We have way too many eggs. I never thought that having chickens would result in me feeling overwhelmed with how many eggs we have an trying to round up people to pawn off fresh eggs on. My other quandry is Woodia. His foot was much better while on antibiotics again but now he can't use it at all. He hops around on one foot and tips over a lot. But he doesn't look unhappy to I'm not quite ready to kill him. And I think my husband and I will have to draw straws on who's going to kill him because neither of us wants to. Especially me because I've put so much effort into keeping him alive. And he's so sickly I'm scared to eat him or even feed him to the dog. I do wish I had enough chicken anatomy knowledge to do an autopsy and see what all is going wrong in his poor little messed up body.

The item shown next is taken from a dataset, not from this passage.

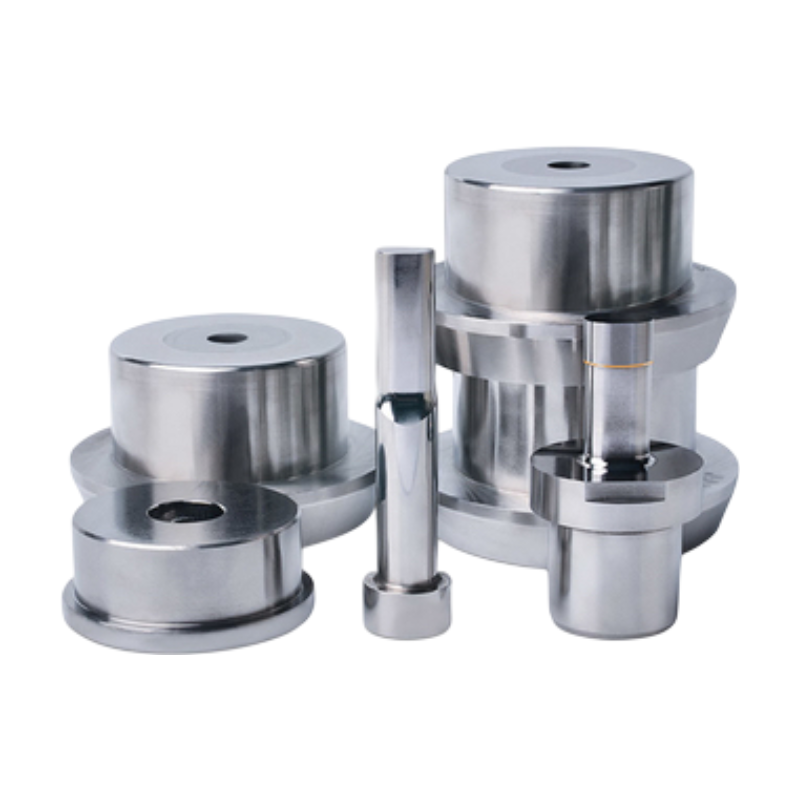 Customized Carbide Banks for Progressive Punch Mold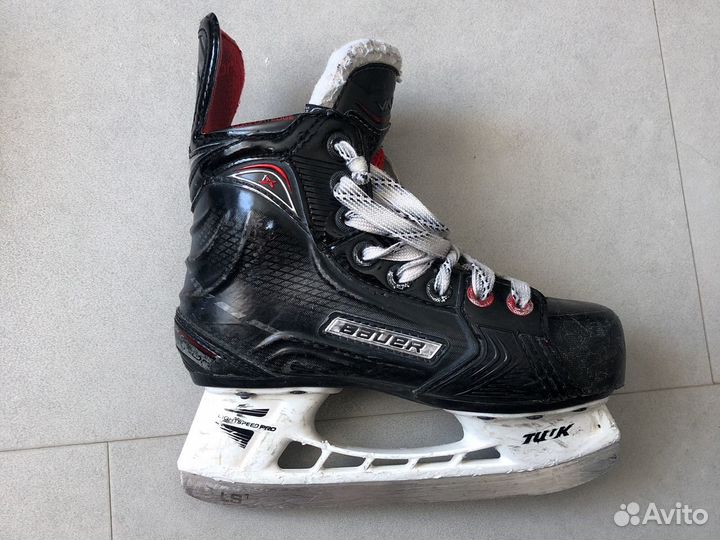 Коньки bauer vapor 1x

I've been listening to What the Dog Saw by Malcolm Gladwell - essays on a bunch of different things. Normally, I check out books on cd from the library to listen to when I'm driving to and from the stable, but I actually splurged and paid $24 off iTunes to download this one because I really wanted to listen to it. The book's title is from the essay about Caesar Milan (the dog whisperer). I'll leave it to anyone reading this to go and read the book themselves but it was very interesting and a lot of the stuff that was talked about regarding how dogs see people and how they communicate has had me thinking a lot about dog and horse perceptions and how similar they can be despite one being a predator and one being prey.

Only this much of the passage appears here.